Banks are now selling properties at such low prices — many below what they sold for in the 1920s — you have to wonder why they bother to foreclose at all. (The F.D.I.C. estimates that each foreclosure costs a bank on average $50,000, more than if they were to do a loan modification.)
The article goes on to describe the impact that a mountain of foreclosures has had on Cleveland's population, its court system and the fabric of its very community. Cleveland's foreclosure crisis started several years ahead of the rest of the country, and it happened in a market that didn't boom as insanely as many other urban markets.
Most of the foreclosed homes are abandoned, and gutted. Many house squatters. The banks refuse to secure or repair them -- or even sell them to the city. The cost to tear down a gutted, vacant house is $8,000 on average -- it would cost $80 million for Cleveland to reclaim its housing market.
And let's not get started on the new bubble building in Cleveland -- a bubble likely to be replicated elsewhere:
At this auction, Brancatelli was introduced to the Tomasis. They are both in their 40s. Before investing in real estate, Sheila Tomasi owned a small chain of clothing stores and Eric Tomasi was a mortgage broker and before that managed a chain of sporting-goods stores. Brancatelli found them surprisingly open, unlike some of the other wholesalers — or “bottom feeders” as some derisively refer to them — who wouldn’t return his phone calls or e-mail queries. He invited the couple to a gathering of local housing activists, and they laid out their business plan. Brancatelli was curious to find out how anyone was making money in a market where houses were selling for a few thousand dollars on eBay.

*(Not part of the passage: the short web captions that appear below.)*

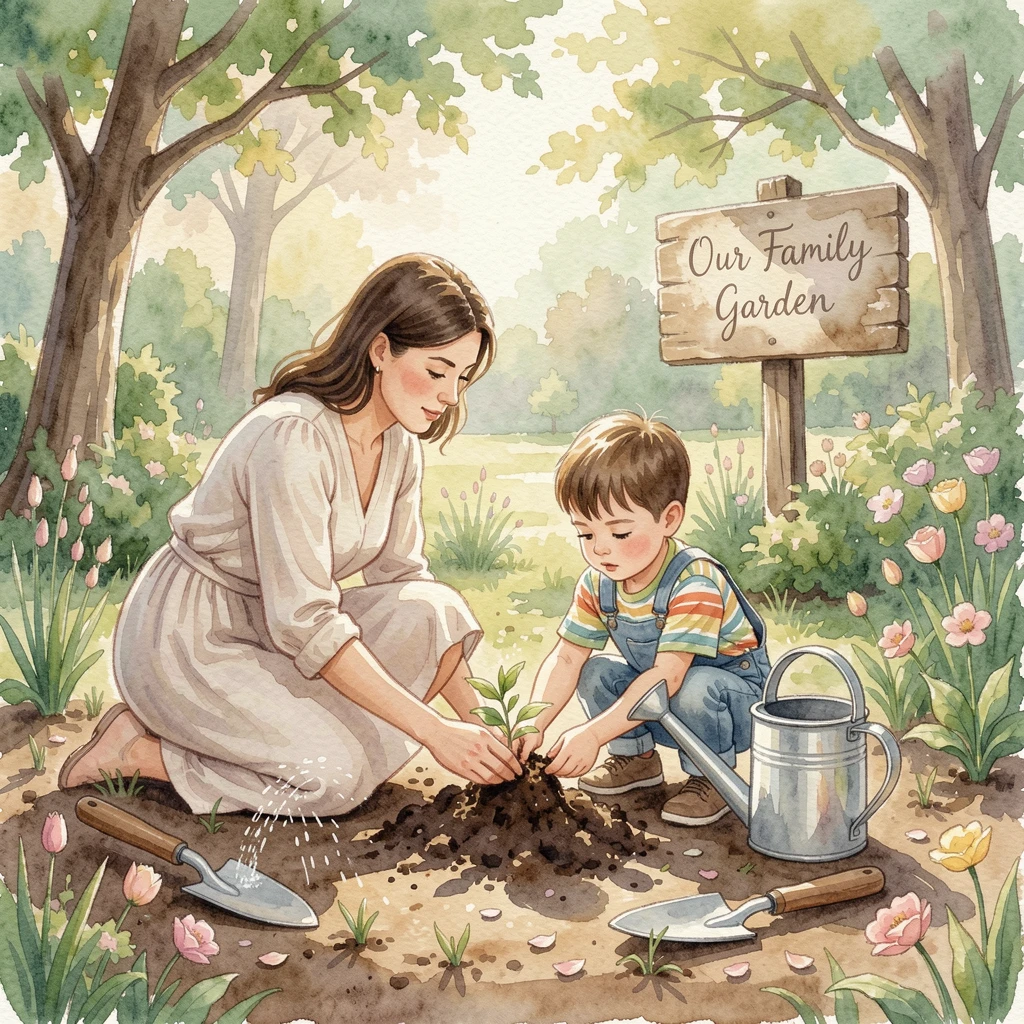 A mother teaching her son to plant a garden surrounded by a comforting, familiar setting.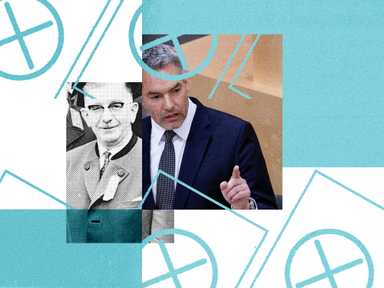 Eine Collage mit Karl Nehammer und Leopold Figl.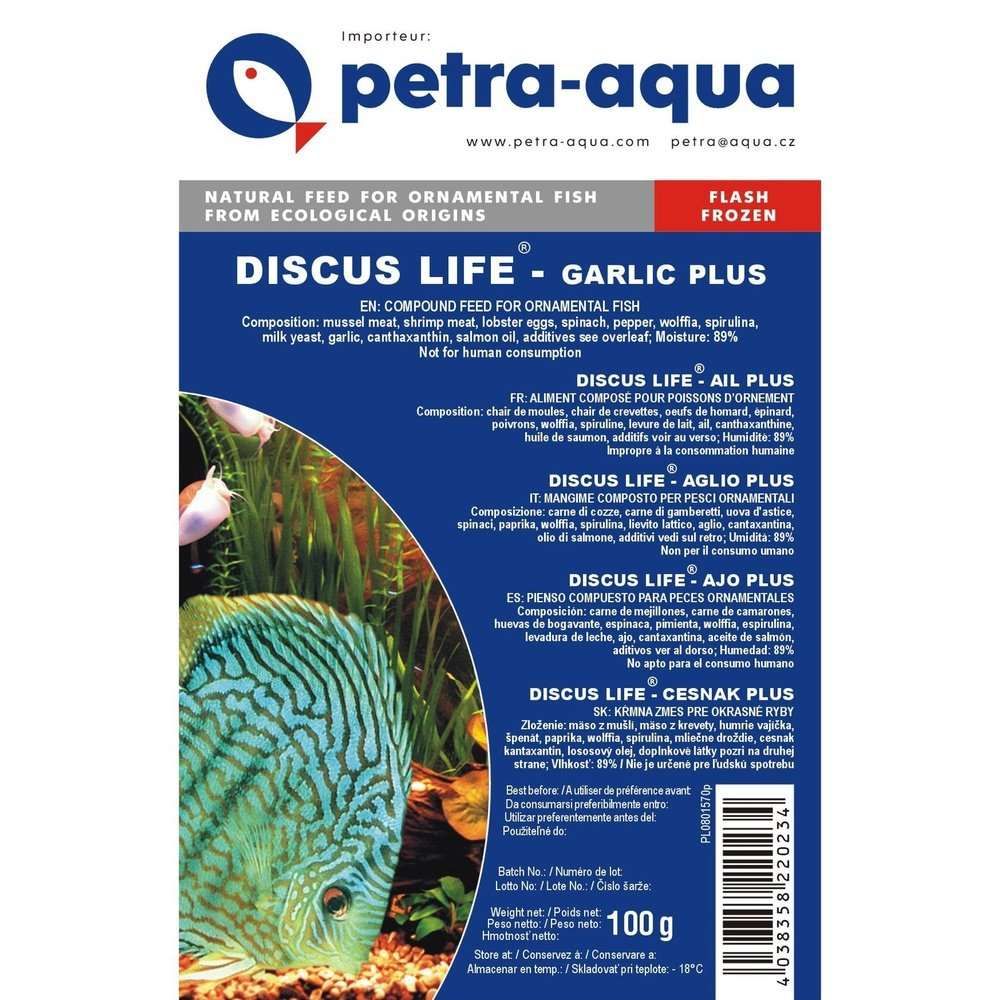 Hrana congelata cu usturoi pentru pesti ornamentali, DISCUS LIFE GARLIC PLUS, blister 100 g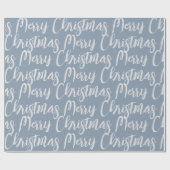 冬の埃っぽいブルーメリークリスマススクリプトホリデー ラッピングペーパー (フラット)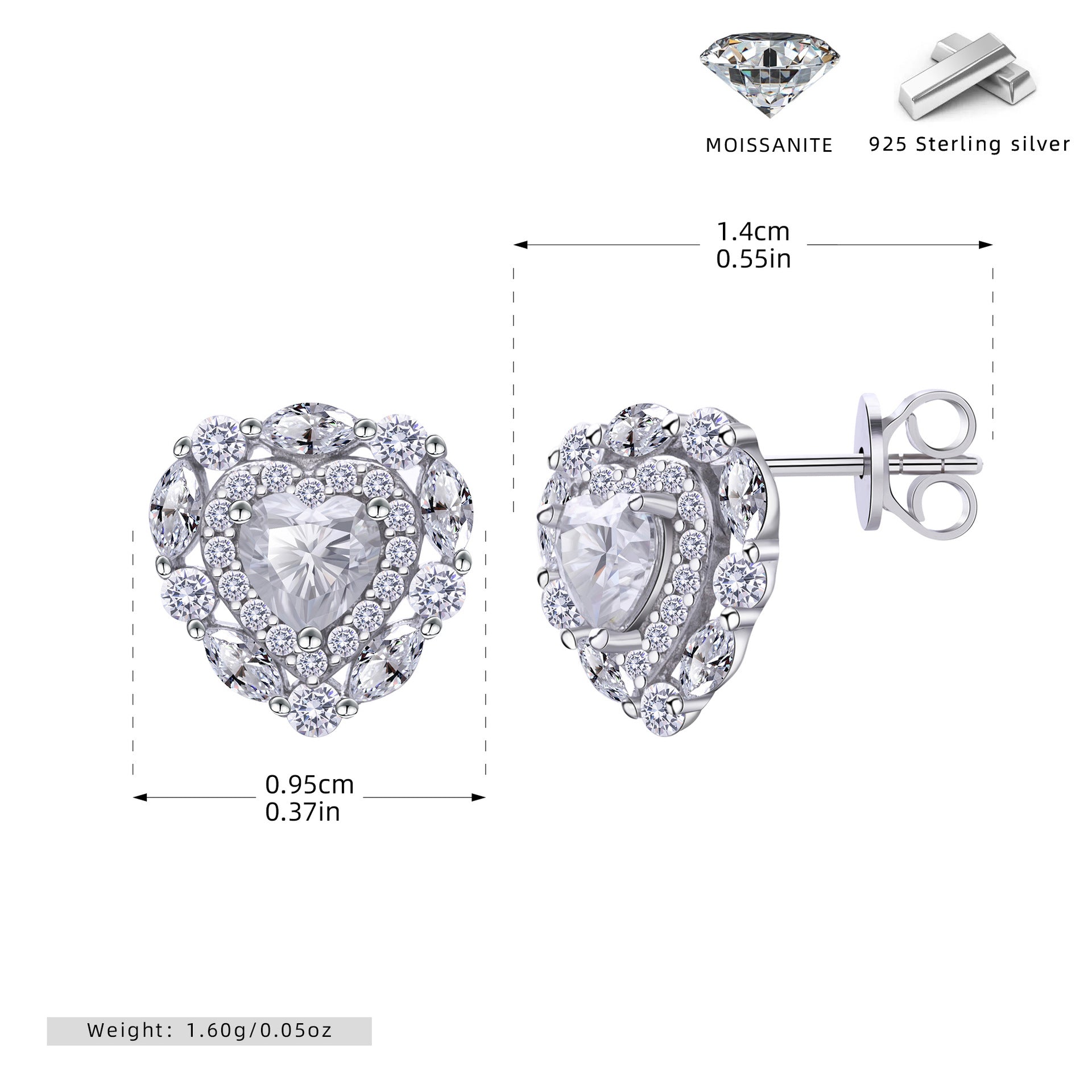 Damen Ohrstecker mit herzförmigem Moissanit-Design und funkelnden Zirkonia Shop Nory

The Tomasis said that they owned about 200 houses in Cleveland. (They purchased 2,000 homes last year, in 22 states.) They explained that they, unlike most other wholesalers, provide each buyer with the mechanicals — pipes, a boiler, a furnace, all the basic materials that had been stripped — that the purchaser would then be responsible for installing. Brancatelli derived some comfort from this description. From his background with a nonprofit housing group, he knew the theory that people who put sweat equity into a house will be more committed to its upkeep and to making the mortgage payments. The financing the Tomasis laid out, though, made Brancatelli squirm. The purchaser would pay $500 down and then make monthly payments of no more than $450, which was below local rental prices. But the interest rate was 10 or 11 percent. What most concerned Brancatelli was that the Tomasis eventually hope to package the mortgages and sell them to investors.

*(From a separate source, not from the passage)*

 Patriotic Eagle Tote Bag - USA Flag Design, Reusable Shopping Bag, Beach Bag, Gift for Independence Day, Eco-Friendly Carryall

“It’s Groundhog Day all over again,” Brancatelli remembers thinking to himself. “Intuitively, it doesn’t make any sense that a person from California would be buying hundreds of distressed properties in a place that’s in a downward spiral. It has nothing but the makings of someone coming to pillage our neighborhood.” But did that mean he shouldn’t work with the Tomasis? If he considered them the enemy, he wondered, where would that get him? Eric Tomasi assured Brancatelli and the others that they had a shared interest. “I want to put people in homes,” he said. “And you want to get homes occupied.”
Pianka says Brancatelli faces a difficult choice: work with the Tomasis to make sure their properties are maintained and then sold to people who make the payments, or contest the Tomasis’ efforts and lose any oversight.
What's the plan for the Richmond region to avoid Cleveland's fate as the economic crisis continues to push its way unabated through the local economy?